Many people are looking for a soul mate, and the so-called soul mate is a partner who can have a positive resonance in terms of world view, outlook on life and values. However, in the process of exploring and colliding with the three views of both sides, we often fall into a misunderstanding, too entangled in the consistency of the three views, but ignoring the deep-seated needs hidden behind the three views. Therefore, when falling in love, we must not only clarify the three views of both parties, but also deeply see each other's deepest beliefs and those unmet needs in childhood.

Fourth, the difficulty of mate selection assessment

When we determine the target object, we need to make a comprehensive assessment of our overall situation, mate selection requirements, mate selection criteria of the target object, the gap between each other's comprehensive situation, and the individual's current state of mind and state, so as to judge the difficulty of mate selection. If it is more difficult to pursue the target object, should you improve yourself, lower your standards, or expand your social circle? Love is actually a game of equal strength, so in the marriage market, improving yourself is always king, and only if you are good enough can you match a high-value partner. Only men and women who have similar partner values can become strong partners.

5. Set goals and plans

We all know that opportunities are reserved for those who are prepared, and when we evaluate the value of both parties and confirm that there is a basic match, we can develop a relevant attraction and pursuit plan. The key point of making a plan is to monitor at any time, clarify the core problems encountered in the mate selection process, propose corresponding solutions, and modify the mate selection plan according to the progress of the interaction.

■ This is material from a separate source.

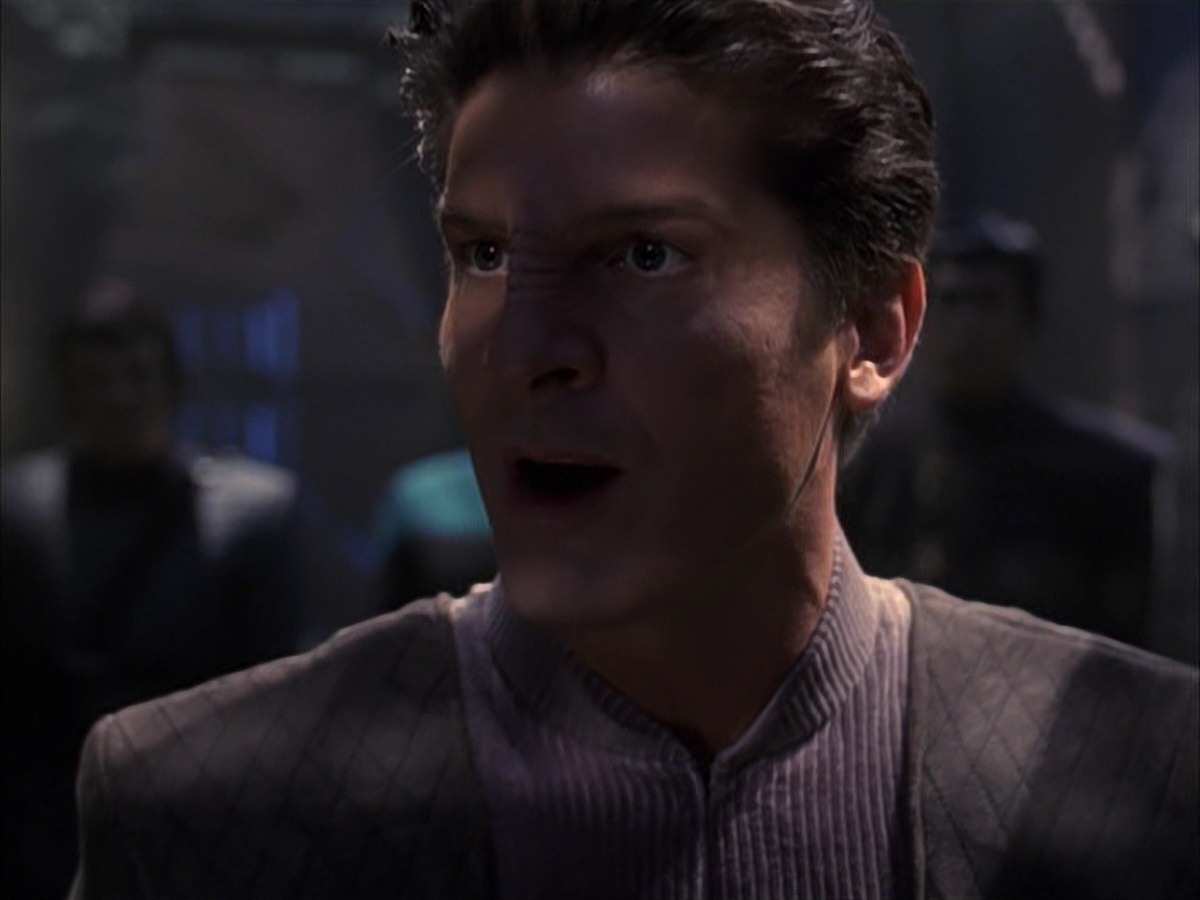 extant_StarTrek_VOY_7x09_7x10-FleshAndBlood_2870.jpg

6. The power of a future partner

In the process of choosing a mate, there may be many choices around us, each of which has its own advantages and disadvantages, how to make the best choice at this time?

We know that marriage is a lifelong thing, and choosing a mate is actually choosing an attitude towards life. So, we can quantify the conditions under which we can choose and deduce how different lives we will have in different choices.

Generally speaking, we tend to have a lot of rules and regulations when choosing a mate, but in the end, the partner we marry will break all our quantitative requirements, because our deep-seated conditions are met.

Therefore, the true compatibility and suitability do not simply come from whether our external conditions are comparable, but from whether we really think that the other person can make us feel comfortable and safe deep down.